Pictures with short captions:

──────────

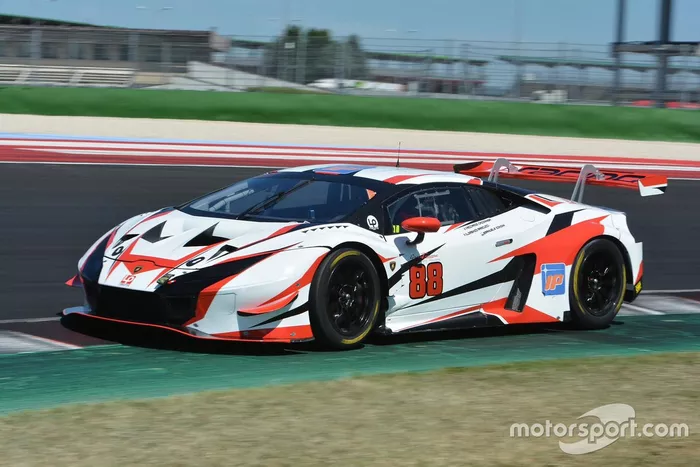 Lorenzo Marcucci, Riccardo Cazzaniga, LP Racing, Lamborghini Huracan GT3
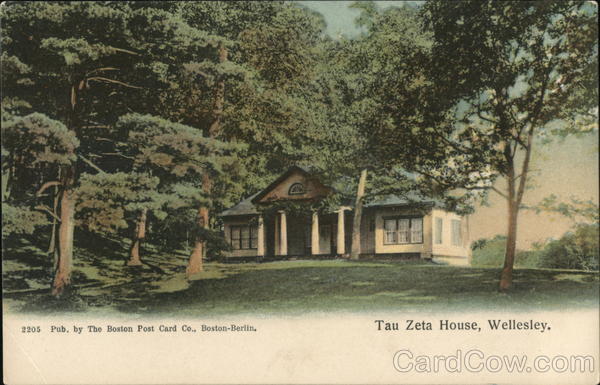 Tau Zeta House Wellesley Massachusetts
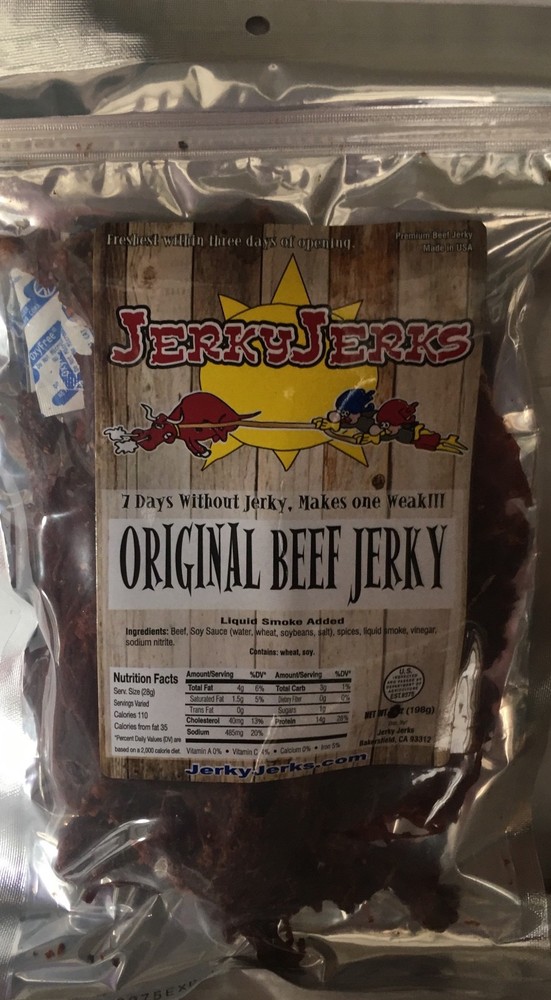 Original Thin Style Beef Jerky 7oz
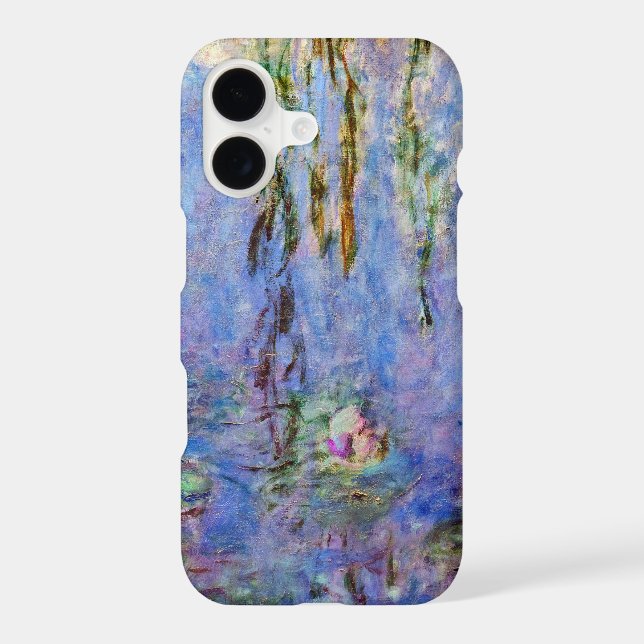 Claude Monet - Water Lilies Case-Mate iPhone Case (Back)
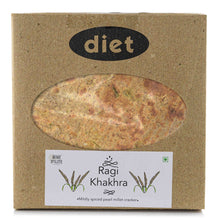 Load image into Gallery viewer, Home Delite Healthy Food Snacks Ragi Khakhra Mildly spiced pearl millet cracker
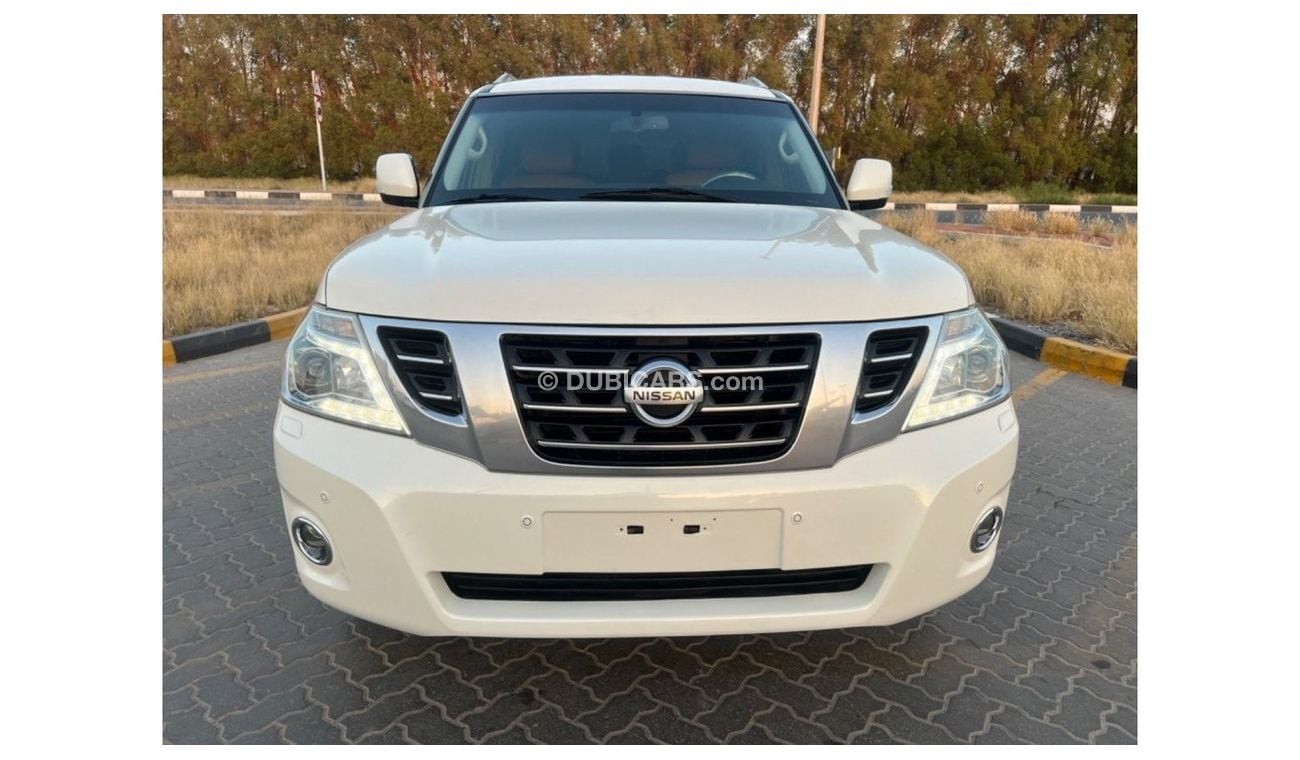 نيسان باترول 2016 Nissan patrol se platinum (y62) 5 dr suv 5.6L petrol automatic Four Wheel Drive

──────────

In the entries above, find the line containing "Original Thin Style Beef Jerky 7oz", then please retype it and every line after it through the last, exactly as written, omitting pictures.

 Original Thin Style Beef Jerky 7oz
 Claude Monet - Water Lilies Case-Mate iPhone Case (Back)
 Load image into Gallery viewer, Home Delite Healthy Food Snacks Ragi Khakhra Mildly spiced pearl millet cracker
 نيسان باترول 2016 Nissan patrol se platinum (y62) 5 dr suv 5.6L petrol automatic Four Wheel Drive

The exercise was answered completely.